How heavenly to have a new series written by Jonathan Stroud, he is one of my most favourite authors (The Amulet of Samarkand is one of only three books I have stayed up all night to finish). The Screaming Staircase is the first instalment in his ghoulish series Lockwood & Co.
In recent years, ghosts have become much much more prevalent, and much much more dangerous. People live in fear of being ghost-touched, stay away from the dark and must rely on agencies staffed by children. In the new topsy-turvy world adults are protected by children. Only they have the ability to see the spectres menacing ordinary folk in their homes. Anthony Lockwood is the confident and daring young proprietor of the famous ghost-hunting firm Lockwood & Co. Well, it might not be that famous, not yet, but it’s only a matter time. And the company might only consist of Lockwood and his friend George, but all that’s about to change.
Lucy Carlyle is in London looking for work after a traumatic night with a vengeful spirit in her hometown. She is a skilled Operative with a talent for hearing ghosts. Like Lockwood and George she is courageous and prepared to work hard; together the trio could be a formidable fighting force. An unfortunate incident whilst dealing with a ghost threatens to end their careers prematurely, but, as luck would have it, it leads them to a much bigger and potentially very lucrative case. Of course, the risks are proportionate to the rewards, but with some careful research and planning everything will be fine. Probably.

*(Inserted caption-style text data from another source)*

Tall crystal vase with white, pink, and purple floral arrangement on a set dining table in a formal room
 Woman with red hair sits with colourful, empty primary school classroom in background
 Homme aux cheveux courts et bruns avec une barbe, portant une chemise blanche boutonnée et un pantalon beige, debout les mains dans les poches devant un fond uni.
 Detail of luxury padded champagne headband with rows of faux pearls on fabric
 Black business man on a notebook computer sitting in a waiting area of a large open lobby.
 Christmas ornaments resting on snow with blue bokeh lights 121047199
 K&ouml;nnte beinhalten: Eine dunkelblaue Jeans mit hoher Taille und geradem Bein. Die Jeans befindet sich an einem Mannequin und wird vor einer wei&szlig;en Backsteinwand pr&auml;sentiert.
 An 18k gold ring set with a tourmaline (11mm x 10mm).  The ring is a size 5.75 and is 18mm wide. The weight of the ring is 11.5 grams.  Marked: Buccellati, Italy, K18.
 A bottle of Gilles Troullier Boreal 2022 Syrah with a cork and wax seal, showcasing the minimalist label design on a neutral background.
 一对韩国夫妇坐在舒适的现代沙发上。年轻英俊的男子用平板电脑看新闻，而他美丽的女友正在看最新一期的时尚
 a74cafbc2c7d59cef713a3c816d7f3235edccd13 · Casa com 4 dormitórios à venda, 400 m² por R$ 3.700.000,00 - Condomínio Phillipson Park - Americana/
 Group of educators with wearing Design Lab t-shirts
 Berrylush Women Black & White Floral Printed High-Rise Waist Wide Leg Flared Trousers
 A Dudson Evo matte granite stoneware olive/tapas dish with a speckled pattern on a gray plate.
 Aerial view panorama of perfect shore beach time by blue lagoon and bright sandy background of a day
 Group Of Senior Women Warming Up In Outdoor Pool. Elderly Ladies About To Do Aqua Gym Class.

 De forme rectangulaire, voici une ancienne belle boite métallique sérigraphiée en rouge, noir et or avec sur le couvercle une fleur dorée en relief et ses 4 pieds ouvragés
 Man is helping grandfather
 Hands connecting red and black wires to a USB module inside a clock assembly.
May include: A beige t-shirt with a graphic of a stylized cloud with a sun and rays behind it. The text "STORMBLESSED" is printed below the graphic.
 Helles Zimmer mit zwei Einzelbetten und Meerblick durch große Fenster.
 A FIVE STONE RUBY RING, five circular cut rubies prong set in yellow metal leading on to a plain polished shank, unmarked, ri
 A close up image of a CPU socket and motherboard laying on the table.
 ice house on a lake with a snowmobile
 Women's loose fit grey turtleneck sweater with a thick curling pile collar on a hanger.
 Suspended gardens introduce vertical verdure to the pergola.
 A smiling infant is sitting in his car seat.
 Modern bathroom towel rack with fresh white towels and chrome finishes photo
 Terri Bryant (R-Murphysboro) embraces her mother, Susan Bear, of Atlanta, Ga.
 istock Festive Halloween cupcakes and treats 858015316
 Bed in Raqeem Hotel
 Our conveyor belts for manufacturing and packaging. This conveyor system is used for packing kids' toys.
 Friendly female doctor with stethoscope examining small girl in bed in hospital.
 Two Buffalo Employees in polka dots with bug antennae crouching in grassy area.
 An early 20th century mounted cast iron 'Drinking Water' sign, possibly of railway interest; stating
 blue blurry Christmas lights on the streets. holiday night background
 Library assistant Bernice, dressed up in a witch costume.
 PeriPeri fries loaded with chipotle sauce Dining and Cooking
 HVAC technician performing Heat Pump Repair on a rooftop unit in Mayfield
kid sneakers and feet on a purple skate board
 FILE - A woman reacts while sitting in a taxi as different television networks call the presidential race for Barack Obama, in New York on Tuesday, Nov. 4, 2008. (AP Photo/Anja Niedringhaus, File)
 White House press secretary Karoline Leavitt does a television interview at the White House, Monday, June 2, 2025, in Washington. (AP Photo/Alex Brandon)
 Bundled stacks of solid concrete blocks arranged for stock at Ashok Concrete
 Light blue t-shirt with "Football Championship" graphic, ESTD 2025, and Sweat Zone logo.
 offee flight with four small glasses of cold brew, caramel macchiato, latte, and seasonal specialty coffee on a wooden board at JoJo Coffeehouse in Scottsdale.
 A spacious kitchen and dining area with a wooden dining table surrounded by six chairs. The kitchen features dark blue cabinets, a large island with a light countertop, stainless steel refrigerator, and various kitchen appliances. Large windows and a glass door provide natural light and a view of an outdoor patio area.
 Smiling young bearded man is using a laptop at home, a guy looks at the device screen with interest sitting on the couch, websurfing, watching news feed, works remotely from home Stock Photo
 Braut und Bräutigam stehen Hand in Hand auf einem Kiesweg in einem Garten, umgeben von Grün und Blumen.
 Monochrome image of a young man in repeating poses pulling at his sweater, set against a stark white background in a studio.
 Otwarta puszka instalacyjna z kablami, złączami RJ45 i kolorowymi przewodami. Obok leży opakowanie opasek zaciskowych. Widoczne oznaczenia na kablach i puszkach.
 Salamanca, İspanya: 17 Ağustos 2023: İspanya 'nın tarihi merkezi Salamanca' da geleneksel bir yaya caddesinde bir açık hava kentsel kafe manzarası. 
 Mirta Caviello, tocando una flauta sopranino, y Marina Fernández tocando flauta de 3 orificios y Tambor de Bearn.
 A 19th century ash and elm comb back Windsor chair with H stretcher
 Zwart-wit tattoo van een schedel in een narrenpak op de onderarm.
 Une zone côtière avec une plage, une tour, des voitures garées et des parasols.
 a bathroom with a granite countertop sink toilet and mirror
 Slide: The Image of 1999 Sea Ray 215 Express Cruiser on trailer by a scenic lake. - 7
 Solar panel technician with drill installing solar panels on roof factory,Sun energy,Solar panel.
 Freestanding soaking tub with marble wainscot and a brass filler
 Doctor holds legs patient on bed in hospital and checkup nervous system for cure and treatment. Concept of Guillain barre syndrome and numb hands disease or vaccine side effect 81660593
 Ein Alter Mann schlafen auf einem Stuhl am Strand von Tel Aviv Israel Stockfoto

The story is compelling, with some sneaky twists and turns and some rather lively action. Lockwood, Lucy and George are all great characters. They bicker and disagree plenty, but when it counts they are there for each other. Lockwood is the dashing hero, George his more pedestrian side-kick, but as with all partnerships they complement each other. Without George’s talent for research and inexhaustible patience Lockwood would be lost. Lucy brings her affinity for understanding the spirits set loose upon the world, the strength of which even she doesn’t fully realise yet.
There are some scary moments, not least the Screaming Staircase itself, but there are also some lovely funny touches. Lockwood’s aptitude (or lack of) for imitating accents made me laugh, and I must admit that I found George’s ghost-jar experiments pretty amusing. Not that it’s very nice to torment a head in a jar like that, obviously. I also love the essential items in a ghost-hunter’s pack. Silver and iron, canisters of Greek Fire, without doubt, but never underestimate the power of tea!
The Screaming Staircase is a great story, and hints at a bigger mystery still. This is just the beginning for Lockwood & Co.
The Screaming Staircase is out now in hardback. My thanks to the publisher for sending me a proof copy of the book.